### DATASET CONTENT
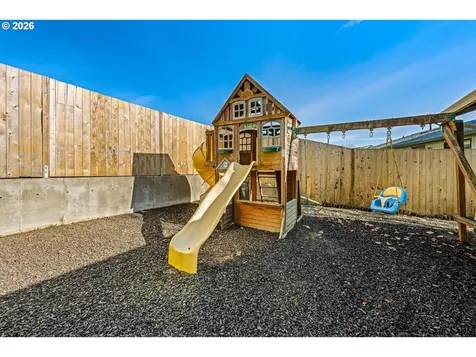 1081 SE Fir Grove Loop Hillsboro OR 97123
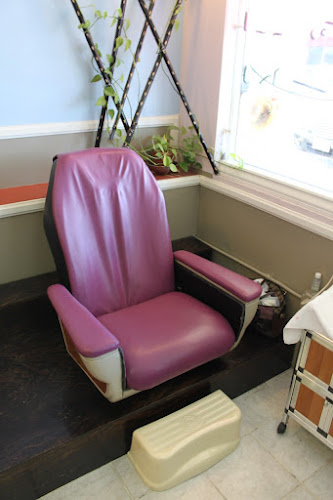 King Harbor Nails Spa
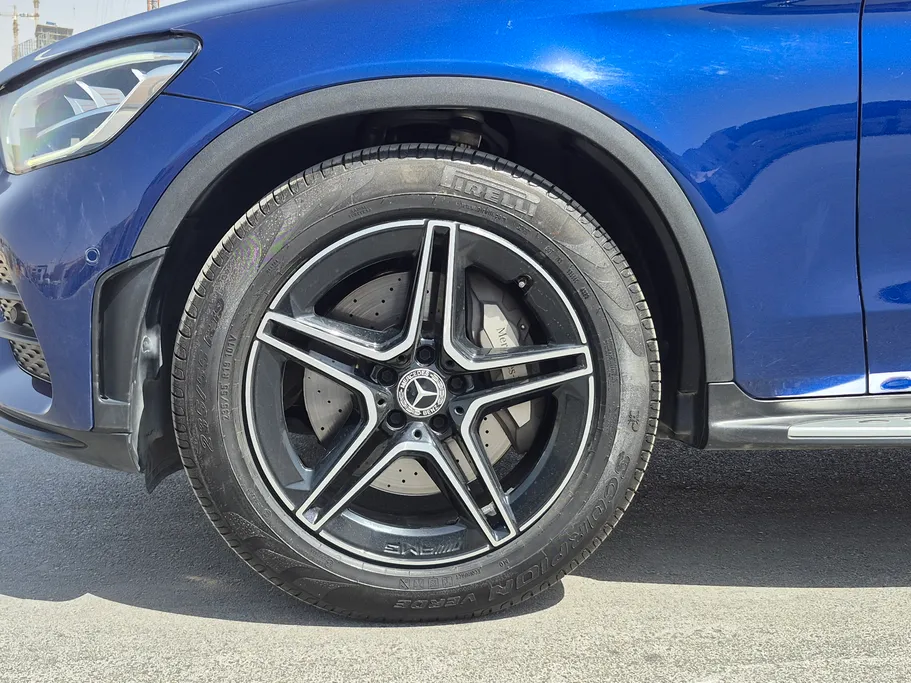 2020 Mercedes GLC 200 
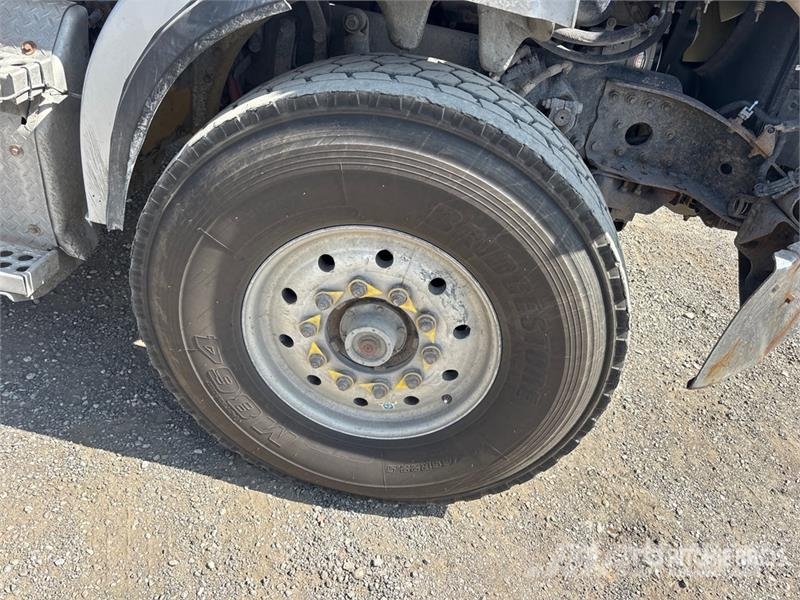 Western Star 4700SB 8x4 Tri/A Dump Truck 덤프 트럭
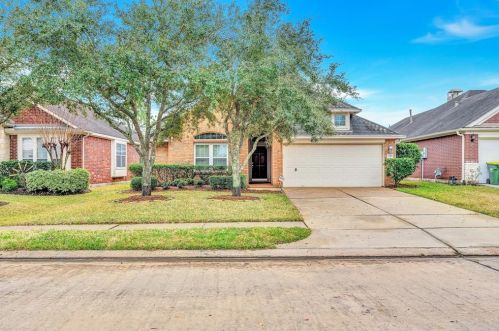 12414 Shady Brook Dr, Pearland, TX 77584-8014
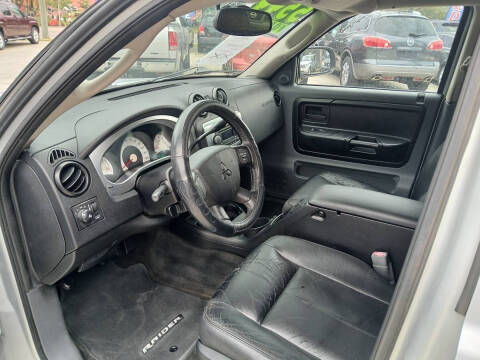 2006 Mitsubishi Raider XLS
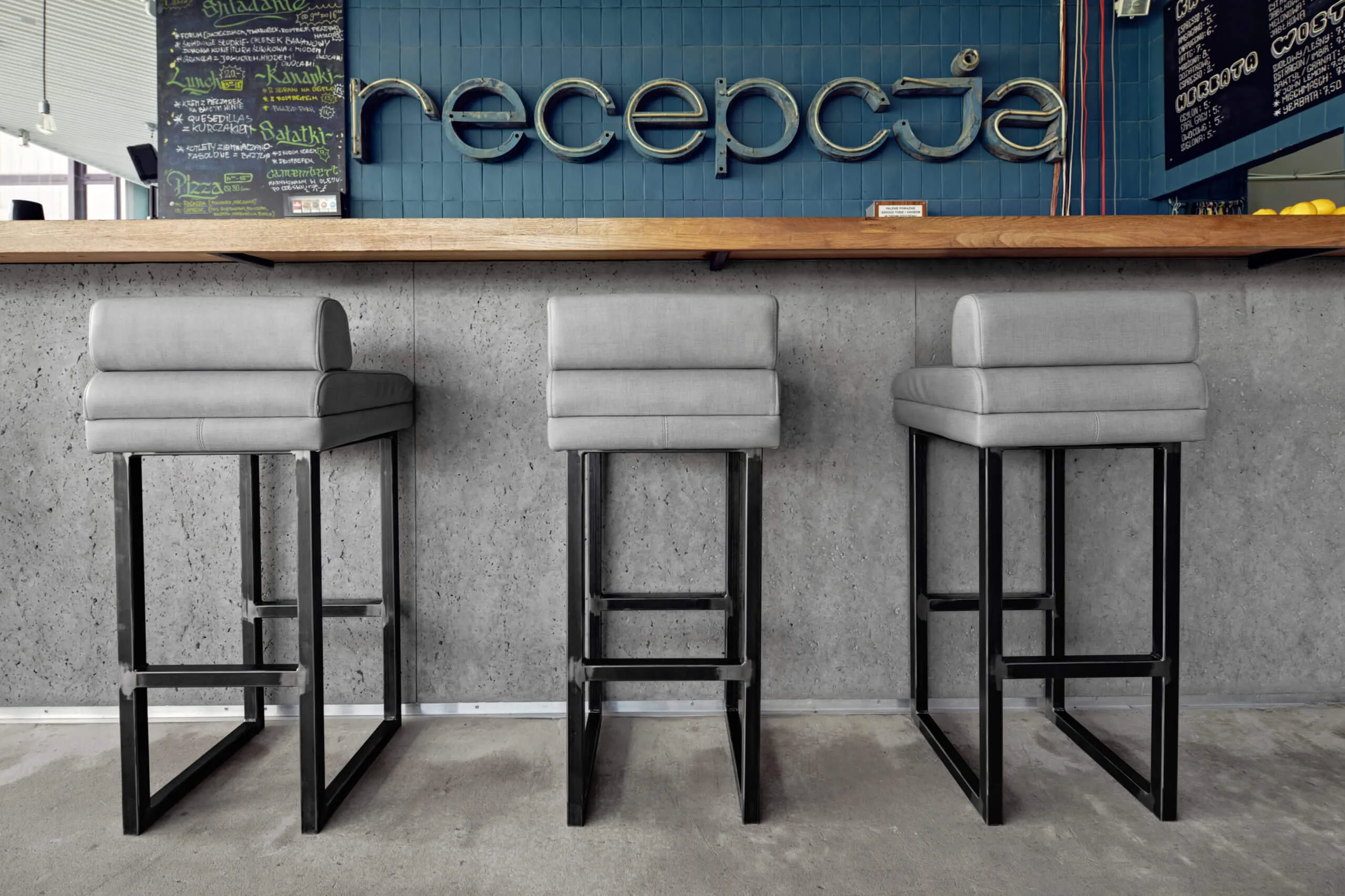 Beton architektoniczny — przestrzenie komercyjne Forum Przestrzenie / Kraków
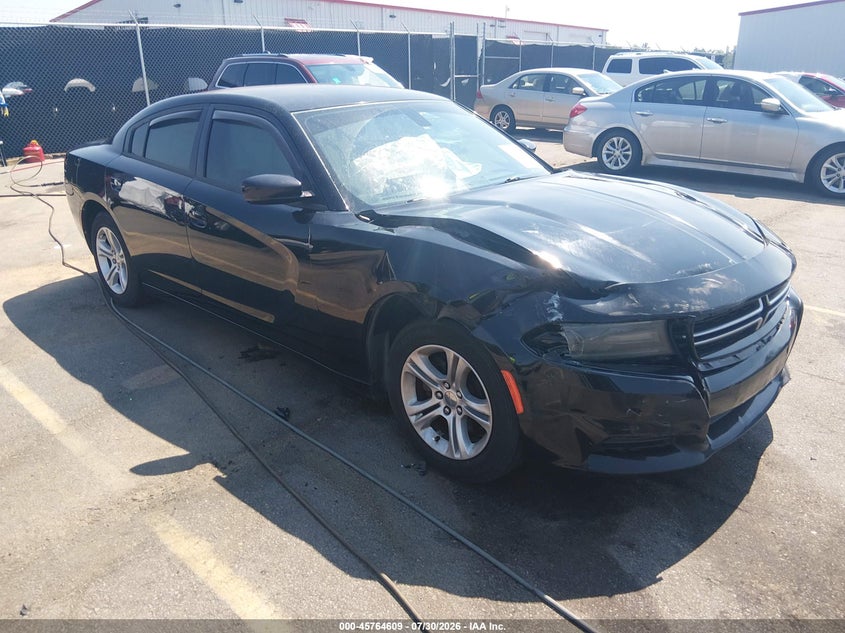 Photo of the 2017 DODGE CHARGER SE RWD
######
YOUR OBJECTIVE :: From the line that contains "Beton architektoniczny —" to the last line of the data, print each line exactly, both ends included, and omit the pictures.

WRITTEN SOLUTION ::
 Beton architektoniczny — przestrzenie komercyjne Forum Przestrzenie / Kraków
 Photo of the 2017 DODGE CHARGER SE RWD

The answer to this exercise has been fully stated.